1
Yorum
4
Beğeni
5,0
Puan
361
Okunma
Bir gün, rüzgârın bile saygıyla sustuğu bir sessizlikte, eski bir sandığın içinde buldum onu. Sararmış sayfaları, kenarları yanık gibi kıvrılmış bir defter… Bir ölüye aitti. Ve ne gariptir ki, yaşarken dile gelmeyen her şey, ölümle konuşmaya başlamıştı.
Bu bir hatıra defteriydi. Ama ne anılara methiyeler dizilmişti ne de tarihlerle süslenmiş bir yaşam öyküsüydü. Bu defter, susturulmuş bir yüreğin içsel çığlığıydı. Her satır, sanki mezar taşına kazınmak yerine kâğıda dökülmüş bir vasiyetti. Kalem mürekkep değil, kan akıtmış gibiydi. Çünkü bazı acılar, sadece ölümle cesaret bulur yazılmaya.
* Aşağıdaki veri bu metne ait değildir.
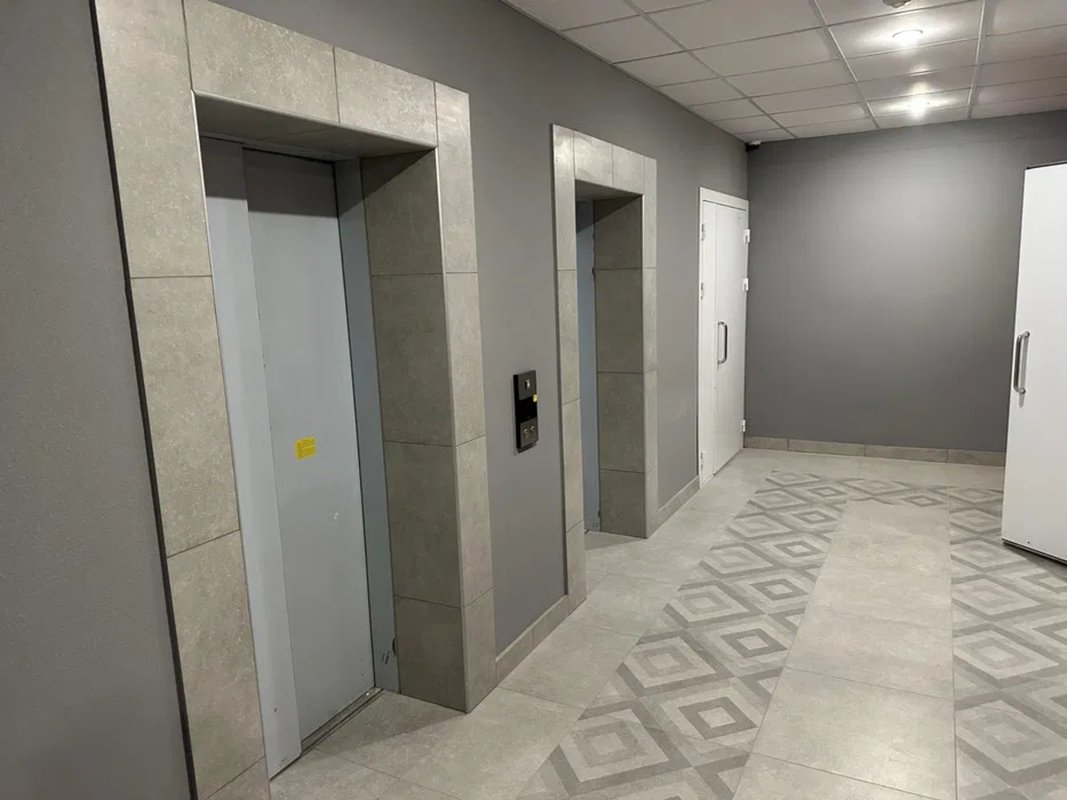 ЖК «4 Сезоны», красный корпус — 2-к 70 м², 2 этаж, готово под ремонт — фото 8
Hayat boyunca konuşmaktan korktuklarımız, ölümle dile gelir. Kimi “özür dilerim”i hep yutmuş, kimi bir “seni seviyorum”u zamanın kuraklığına bırakmış. Ölünün hatıra defteri, bu yüzden bir bağırış değil, bir fısıltıdır: geçmişin ta derinliklerinden gelen, artık geç kalan ama yine de yankılanan bir fısıltı.
Ne garip değil mi? İnsan yaşarken bile kendine itiraf edemez bazı duyguları. Oysa defter, yazanın artık korkmadığını gösterir. Çünkü ölüm, utancı da, kibiri de soyundurur. Geriye sadece gerçeğin kemikleri kalır.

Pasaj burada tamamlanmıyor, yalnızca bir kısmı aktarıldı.